• [WHAT IS REQUIRED]
Copy, exactly as written, the lines that begin at the one containing "Man in een beige" and end at the one containing "Bathroom with tiled shower". Skip any pictures in the data below.

• [MATERIAL PROVIDED]
________

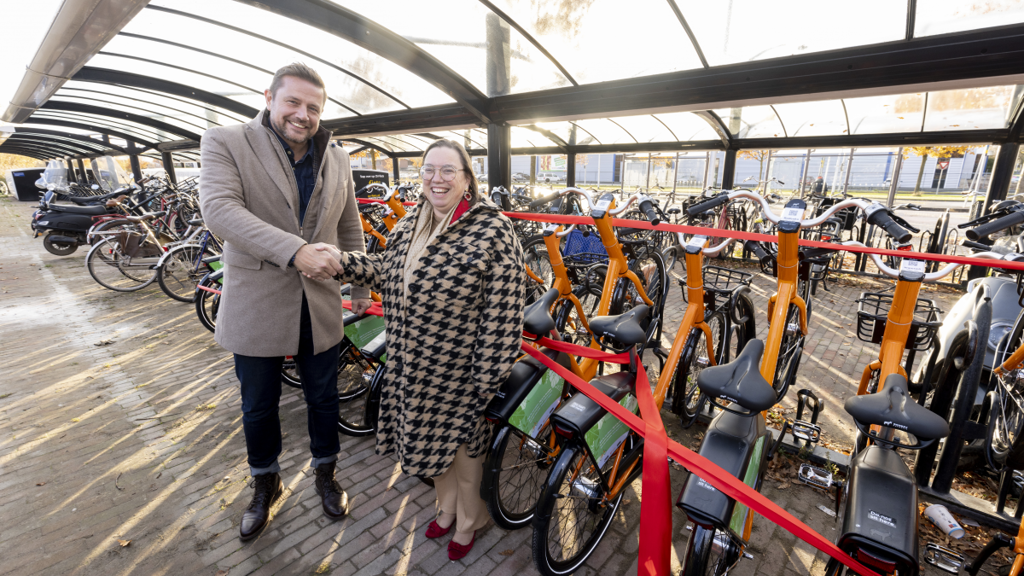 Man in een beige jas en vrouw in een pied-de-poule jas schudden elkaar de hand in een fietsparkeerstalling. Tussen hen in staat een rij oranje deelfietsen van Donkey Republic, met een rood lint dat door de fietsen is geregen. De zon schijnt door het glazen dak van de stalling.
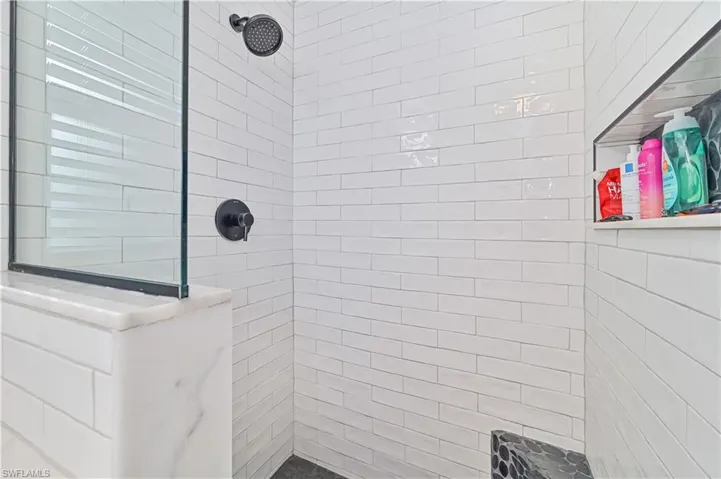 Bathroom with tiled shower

________

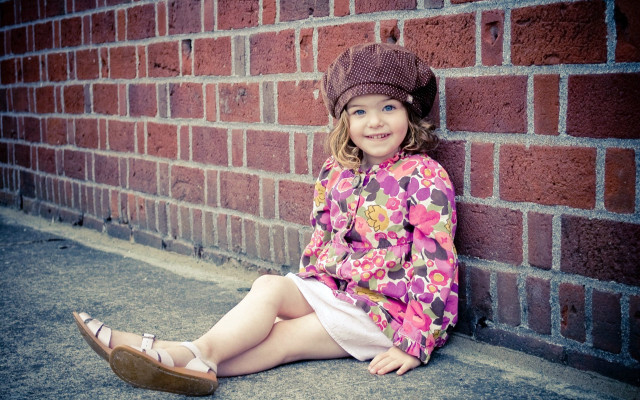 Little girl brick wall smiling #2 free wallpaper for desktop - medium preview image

________

• [TASK RESULT]
 Man in een beige jas en vrouw in een pied-de-poule jas schudden elkaar de hand in een fietsparkeerstalling. Tussen hen in staat een rij oranje deelfietsen van Donkey Republic, met een rood lint dat door de fietsen is geregen. De zon schijnt door het glazen dak van de stalling.
 Bathroom with tiled shower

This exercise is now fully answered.